Start Printed Page 41798Finally, the Exchange believes that its proposed change to specify that Reserve Orders may not be designated as an ALO Order would remove impediments to, and perfect the mechanism of, a free and open market and a national market system and protect investors and the public interest because it is not intended to effect any functional change but would instead add clarity to Exchange rules regarding the current behavior of Reserve Orders.
B. Self-Regulatory Organization's Statement on Burden on Competition
The Exchange does not believe that the proposed rule change will impose any burden on competition that is not necessary or appropriate in furtherance of the purposes of the Act. As noted above, the Exchange believes the proposed rule changes would generally align order handling on the Exchange with behavior on other cash equity exchanges [24] and thus would promote competition among exchanges by offering ETP Holders similar functionality and order handling options available on other cash equity exchanges. The Exchange also believes that, to the extent the proposed changes would increase opportunities for order execution, the proposed change would promote competition by making the Exchange a more attractive venue for order flow and enhancing market quality for all market participants.
C. Self-Regulatory Organization's Statement on Comments on the Proposed Rule Change Received From Members, Participants, or Others
No written comments were solicited or received with respect to the proposed rule change.
III. Date of Effectiveness of the Proposed Rule Change and Timing for Commission Action
Because the foregoing proposed rule change does not: (i) significantly affect the protection of investors or the public interest; (ii) impose any significant burden on competition; and (iii) become operative for 30 days from the date on which it was filed, or such shorter time as the Commission may designate, it has become effective pursuant to Section 19(b)(3)(A) of the Act [25] and Rule 19b-4(f)(6) thereunder.[26]
At any time within 60 days of the filing of the proposed rule change, the Commission summarily may temporarily suspend such rule change if it appears to the Commission that such action is necessary or appropriate in the public interest, for the protection of investors, or otherwise in furtherance of the purposes of the Act. If the Commission takes such action, the Commission shall institute proceedings to determine whether the proposed rule change should be approved or disapproved.
IV. Solicitation of Comments
Interested persons are invited to submit written data, views, and arguments concerning the foregoing, including whether the proposed rule change is consistent with the Act.
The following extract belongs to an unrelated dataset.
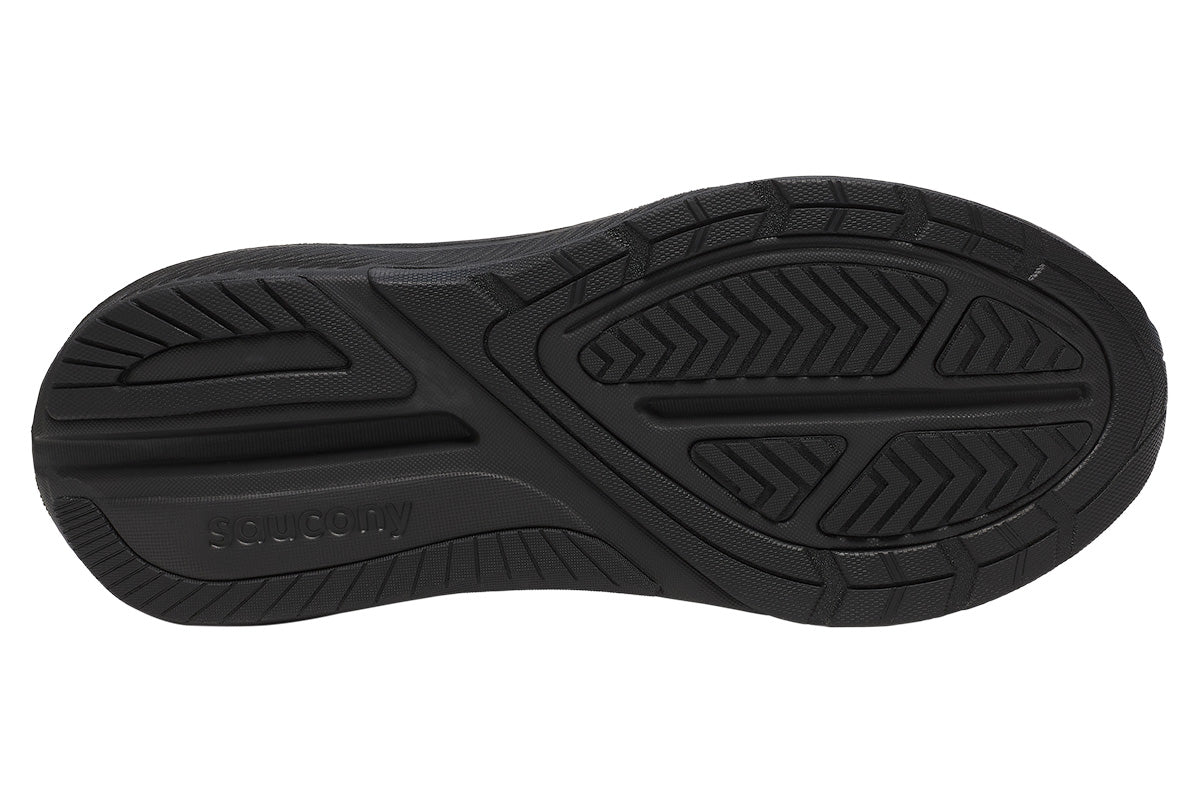 Saucony Echelon 10 2E Triple Black Mens #color_black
Comments may be submitted by any of the following methods:
Electronic Comments
• Use the Commission's internet comment form ( http://www.sec.gov/rules/sro.shtml ); or
• Send an email to rule-comments@sec.gov. Please include File Number SR-NYSENAT-2022-09 on the subject line.
Paper Comments
- Send paper comments in triplicate to Secretary, Securities and Exchange Commission, 100 F Street NE, Washington, DC 20549-1090.
All submissions should refer to File Number SR-NYSENAT-2022-09. This file number should be included on the subject line if email is used. To help the Commission process and review your comments more efficiently, please use only one method. The Commission will post all comments on the Commission's internet website ( http://www.sec.gov/rules/sro.shtml ). Copies of the submission, all subsequent amendments, all written statements with respect to the proposed rule change that are filed with the Commission, and all written communications relating to the proposed rule change between the Commission and any person, other than those that may be withheld from the public in accordance with the provisions of 5 U.S.C. 552, will be available for website viewing and printing in the Commission's Public Reference Room, 100 F Street NE, Washington, DC 20549, on official business days between the hours of 10:00 a.m. and 3:00 p.m. Copies of the filing also will be available for inspection and copying at the principal office of the Exchange. All comments received will be posted without change. Persons submitting comments are cautioned that we do not redact or edit personal identifying information from comment submissions. You should submit only information that you wish to make available publicly. All submissions should refer to File Number SR-NYSENAT-2022-09 and should be submitted on or before August 3, 2022.
Start SignatureFor the Commission, by the Division of Trading and Markets, pursuant to delegated authority.[27]
J. Matthew DeLesDernier,
Assistant Secretary.
Footnotes
4. As noted above, the Exchange also proposes in this filing to permit ALO Orders to be designated as non-displayed, and discussion of the proposed modification of Rule 7.31(e)(2) to effect that change appears in the “Non-Displayed ALO” section below. The proposed new designation to cancel would be inapplicable to Non-Displayed ALO Orders, as proposed, because such orders are not eligible to be displayed.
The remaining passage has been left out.